Huggies Forum

Switch to Nappy-Pants

for toilet training!

Learn more
  1. home
  2. Baby Forum
  3. Toddler
  4. Caring for your Toddler
  5. Need some advice please.......

Need some advice please....... Rss

Hi i have a very highly strung 30mth old. for the past few weeks he has been taking tantrums almost daily, throws things screams wants it all his way etc. He does things he knows are naughty like when eating he mushes it all up and put through hair etc he has started climbing anything he can ( found him in bathroom sink!)

Things that have changed or are changin are :

I am due for baby no 2 in 9 weeks and i am pointing towards this for his recent behaviour.

Toilet training is "wee" trained, wnt do no 2's but im not pushing that.

Changed him from bed to cot.

Am i expecting too much from him, he is a clever boy but i just dont know what to do anymore i try the talking, comforting and plain old ignoring but this phase is just seems to be lasting too long.

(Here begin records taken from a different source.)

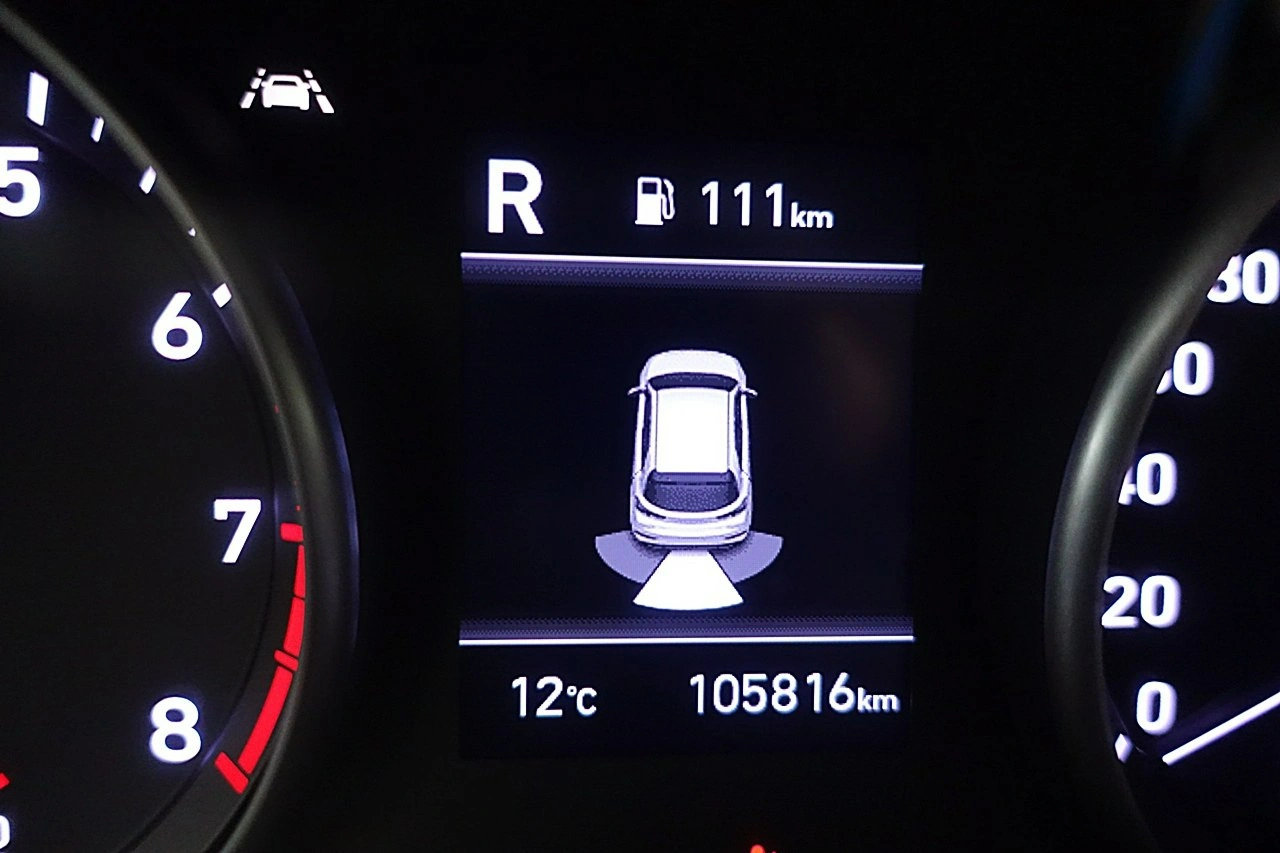 Hyundai i30 - Zdjęcie 20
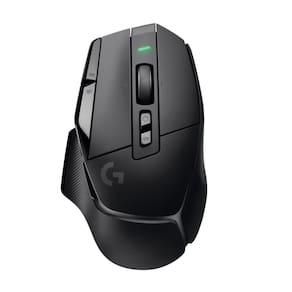 Mouse Gamer Logitech G502 X - 25.600Dpi - 1Ms - Preto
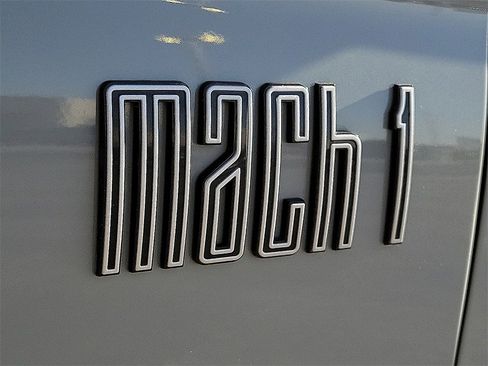 Used 2023 Ford Mustang Mach 1 w/ Equipment Group 700A image 9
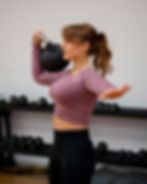 Amanda's Remedy, Personal Training in Bristol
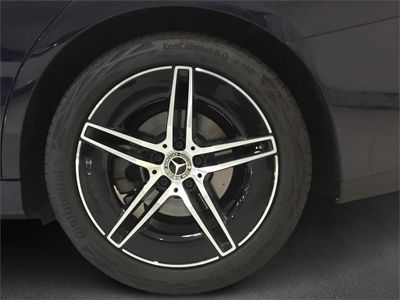 Mercedes Clase E 220 d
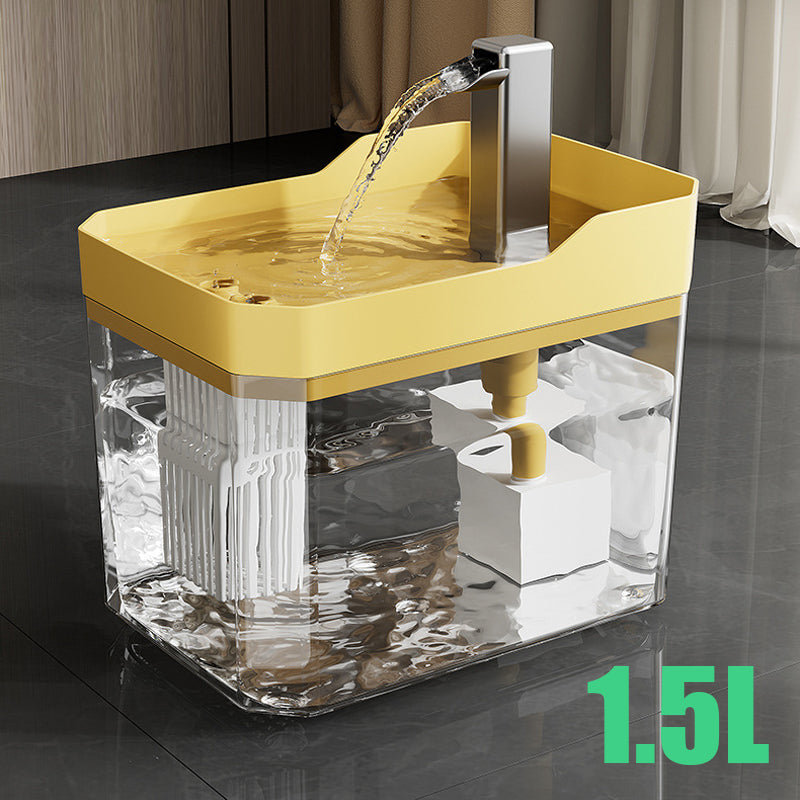 ✨New Arrival✨Automatic Water Drinking Fountain Dispenser for Pet-1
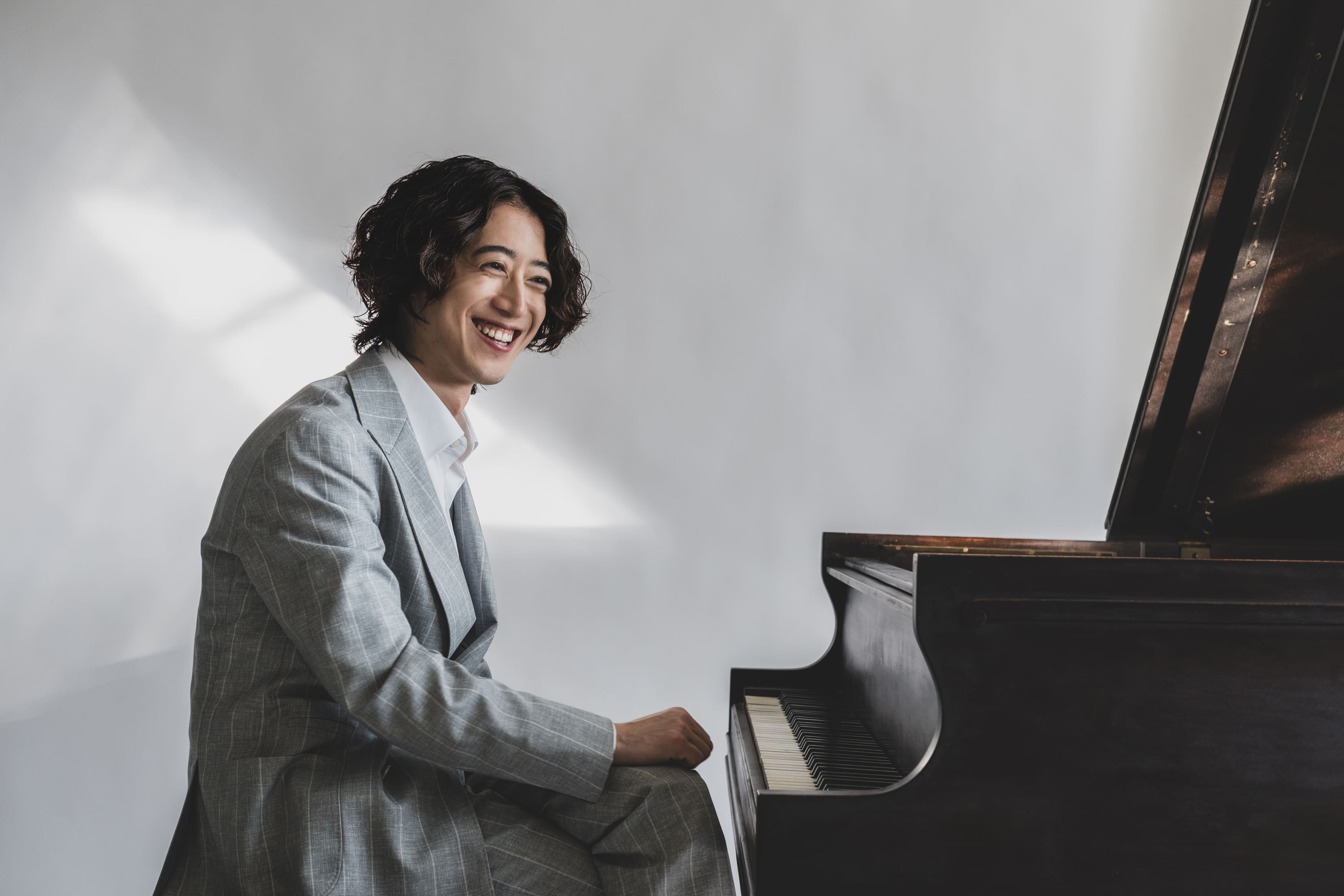 ペトル・ポペルカ指揮 ウィーン交響楽団 広島公演 | 財団主催公演 | 呉信用金庫ホール(呉市文化ホール)公益財団法人呉市文化振興財団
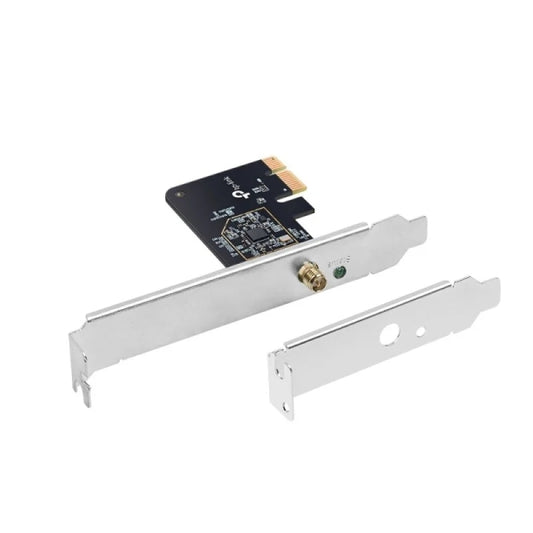 TP-LINK Archer T2E Scheda di Rete WiFi Dual Band PCI Express AC600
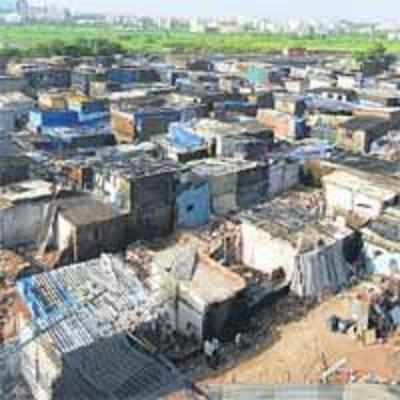 Slum rehabilitation scheme allots home to dead man!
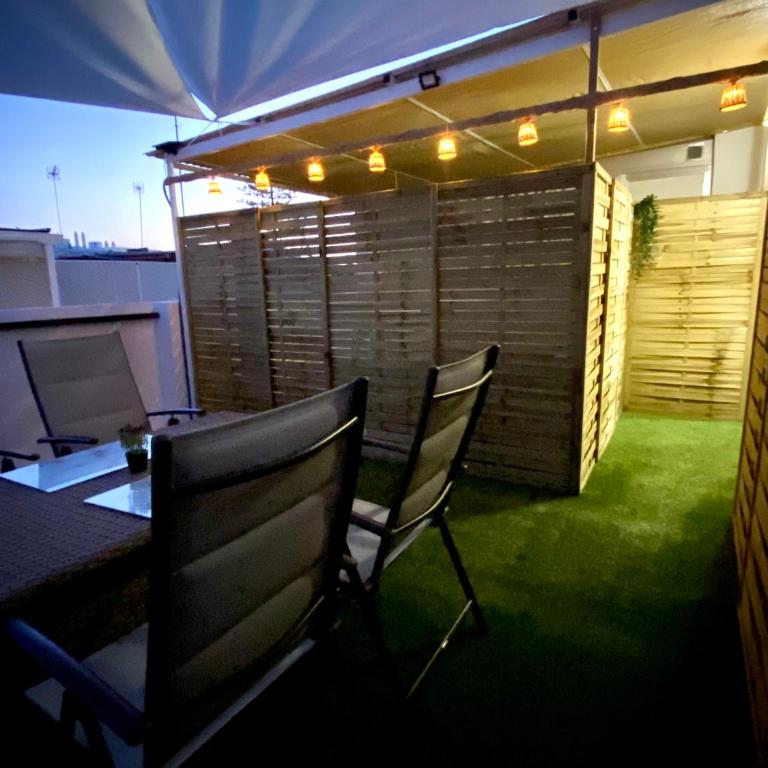 MyChoice Salmarina - Apartamento de 1 dormitorio - 37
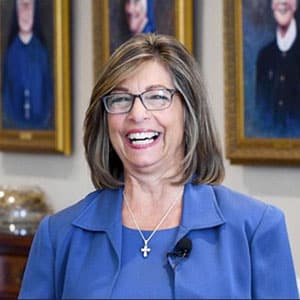Marymount University’s Halo Awards Ceremony returns for 2026 to recognize community leaders and support student success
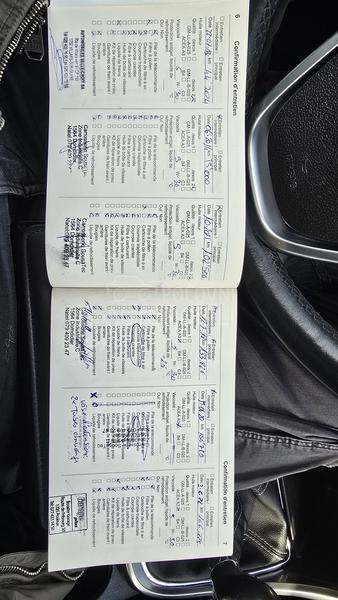 Opel Astra J 1.6T COSMO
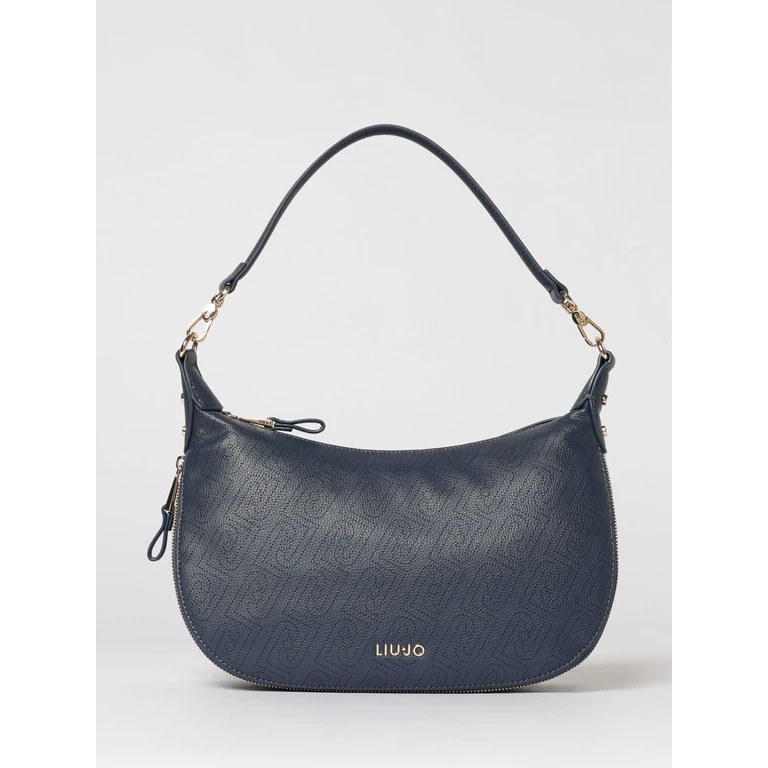 LIU JO Shoulder Bag Woman color Blue (AA6133ES02694024)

Any ideas or tips for how i can try ease things would be much appreciated
Hi becnkani,
my daughter is around the same age and displaying the same kinds of naughty behaviours, so I sympathise with you 100%! I do think that parents sometimes have a tendency to find reasons for their kids bad behaviour, which can sometimes turn into excuses. I'm not saying we shouldn't give them any leeway, I'm just saying that I don't think we should let them get away with unacceptable behaviour just because there's a baby on the way/ just moved house/started daycare/ had houseguests etc. For example, my daughter doesn't have a new sibling on the way and hasn't just changed her sleeping arrangements like your child has, but she is still displaying naughty behaviour. What I'm getting at is that maybe the only reason your son is behaving this way is because kids his age test boundries etc and it's not unusual for them to act this way, whether there are disturbances in their lives or not. I'm still sticking with ignoring minor naughtiness and timeout for continued or more severe bad behaviour like food throwing and tantrums. I'm trying to set reasonable boundaries and desperatly trying to prevent bad habits forming by niping bad behaviour in the bud. Meanwhile, I'm keenly waiting for this self centered boundry testing tantrum and foos throwing phase to ease up! I wonder what phase will come next??? Good luck with it all and especially with the arrival of your next little bundle of joy!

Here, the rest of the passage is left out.